Open puffy310 opened this issue 2 years ago • 4 comments
trafficstars

For now I'm writing here primarily to document my plan for a MVP. As suggested in the discord server, I plan to make a generalization safety checker. This could be done both as a prompt, or a filter using a contrastive model such as CARP. Something such as an NSFW filter shouldn't be too hard given a good prompt. If a more reliable method is needed, a synthetic dataset could be made to produce a softprompt or other token based tuning deliverable. The main problem is that Open-Assistant would need some way to interface with KoboldAI which might be a good base and partnership to build. I'm still working on an MVP at the moment, and I will leave it in the reply to this issue.

puffy310 avatar Jan 02 '23 21:01 puffy310

I'll assign you for now. Looking forward to a more detailed view on this.
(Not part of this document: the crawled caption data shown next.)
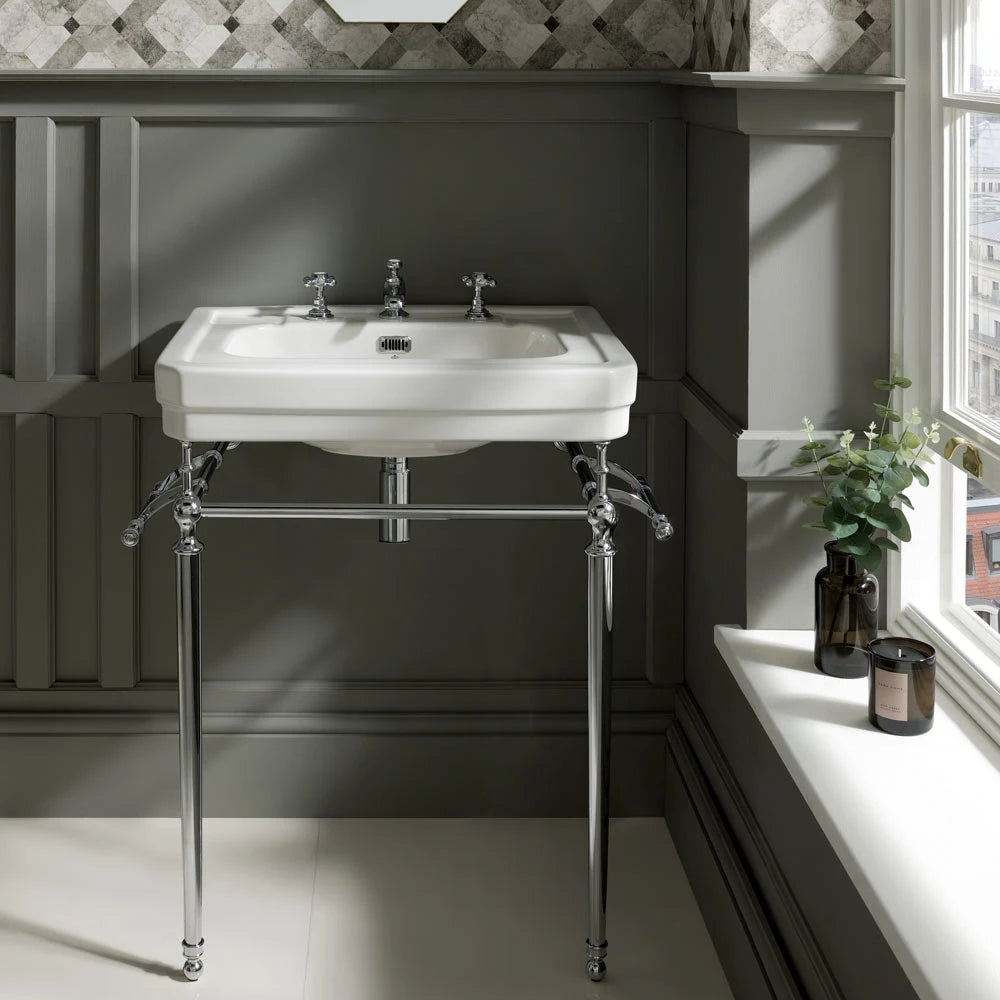 BC Designs Victrion Bathroom Wash Basin and Ardleigh Ornate Stand 640mm with three tap holes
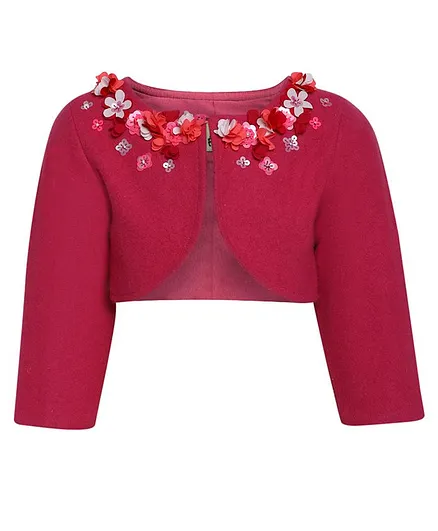 A Little Fable Full Sleeves Flower Embellished Shrug - Pink
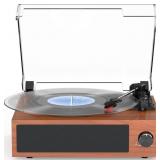 $135 Vintage Record Player With Bluetooth, Built-i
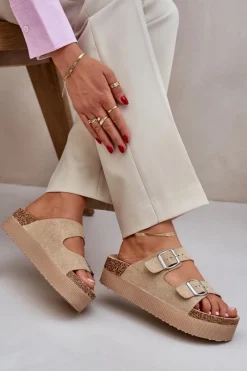 Klapki Korkowe|Klapki Na Platformie>Boto Klapki Damskie Na Masywnej Platformie Z Klamrami Beżowe Aramia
Also, quite unlikely that we'll start to heavily depend on some third-party API.

yk avatar Jan 02 '23 22:01 yk

I'm sure that there's a way to eliminate the requirement, I'll see if I can make a custom script to load the soft prompt.

puffy310 avatar Jan 02 '23 22:01 puffy310

Hey, there are some of us working on a similar issue over here: https://github.com/LAION-AI/Open-Assistant/issues/416 if you want to pop in!

smytjf11 avatar Jan 06 '23 18:01 smytjf11

@puffy310 - if we can gather data, we can train our model to respond approppriately given the warning instructions. Then we wouldn't need to use KoboldAI, assuming they permit us to use the data for that purpose. Also, of course we should credit them with the usage of this tool.

huu4ontocord avatar Jan 10 '23 05:01 huu4ontocord

Tumblr apparently uses a lot of trigger warnings. This article has an incomplete list of tags: https://trigger-warnings.tumblr.com/tags

It's technically for movies, but it appears that they are also tags on the main site.

ChristopherKing42 avatar Jan 12 '23 15:01 ChristopherKing42

Actually, even better dataset. Take all Tumblr posts tagged has having a content warning (warning: this link has "weird stuff" to say the least): https://www.tumblr.com/search/cw

Then the model would predict if a given tag goes with a given post (almost all the cw posts have other tags describing the type of content warning).

ChristopherKing42 avatar Jan 12 '23 16:01 ChristopherKing42

@ChristopherKing42 and @puffy310 - can you both work on this together! Very excited for your results.

huu4ontocord avatar Jan 12 '23 17:01 huu4ontocord

I think this has been superseded by more recent safety work incl. blade2blade

olliestanley avatar Apr 29 '23 21:04 olliestanley